Melalui Ramadan, Kita Gapai Kesempurnaan Iman

Sutikno, S.Pd.I., M.Pd.I
Dosen Agama Islam Universitas Malahayati

Islam merupakan agama yang universal. Islam memandang bahwa yang menentukan keselamatan dan kebahagiaan seseorang di dunia terlebih di akhirat tidak hanya bertumpu pada aspek Hablum Minallah (hubungan dengan Allah SWT). Namun, Hablum Minannas (hubungan dengan sesama manusia) juga ikut menentukan hal di atas.

Banyak di antara nash yang sahih, baik dalam Alquran maupun Al-Hadits menerangkan hal demikian. Allah SWT menegaskan bahwa orang yang mendustakan hari pembalasan salah satu di antara mereka adalah orang yang tidak ada kepekaan sosial. Allah SWT berfirman yang artinya: ’’Tahukah kamu (orang) yang mendustakan agama? Itulah orang yang menghardik anak yatim dan tidak menganjurkan untuk memberi makan orang miskin”. (QS. Al-Ma’un ayat 1-3).
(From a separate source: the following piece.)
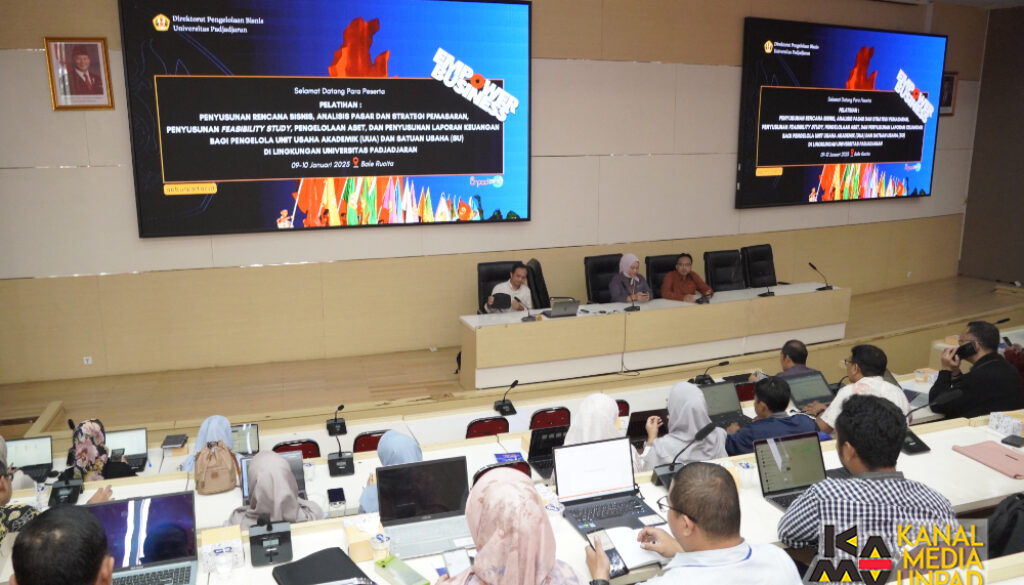 Pelatihan Empower Business: Penyusunan Rencana Bisnis, Analisis Pasar dan Strategi Pemasaran, Penyusunan Feasibility Study, Pengelolaan Aset, dan Penyusunan Laporan Keuangan bagi Pengelola Unit Usaha Akademik (UUA) dan Satuan Usaha di lingkungan Universitas Padjadjaran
Sayyid Thanthawi dalam Tafsirul Wasith mengatakan, manusia yang mendustakan hari pembalasan sungguh telah melampaui batas dalam keburukan dan kejelekannya.

Hal itu karena kerasnya hati sehingga tidak berbuat lemah lembut terhadap anak yatim, melainkan merendahkan, mencegah segala kebaikan kepadanya. (Thanthawi, Tafsirul Wasith, juz XV, halaman 519).

Rasulullah SAW juga mengaitkan antara keimanan dan hubungan sosial dengan tetangga, beliau bersabda yang artinya, “Demi Allah, tidak sempurna imannya, demi Allah tidak sempurna imannya, demi Allah tidak sempurna imannya.” Rasulullah SAW ditanya: ’’Siapa yang tidak sempurna imannya wahai Rasulullah?” Beliau menjawab, “Seseorang yang tetangganya tidak merasa aman atas kejahatannya.” (HR al-Bukhari).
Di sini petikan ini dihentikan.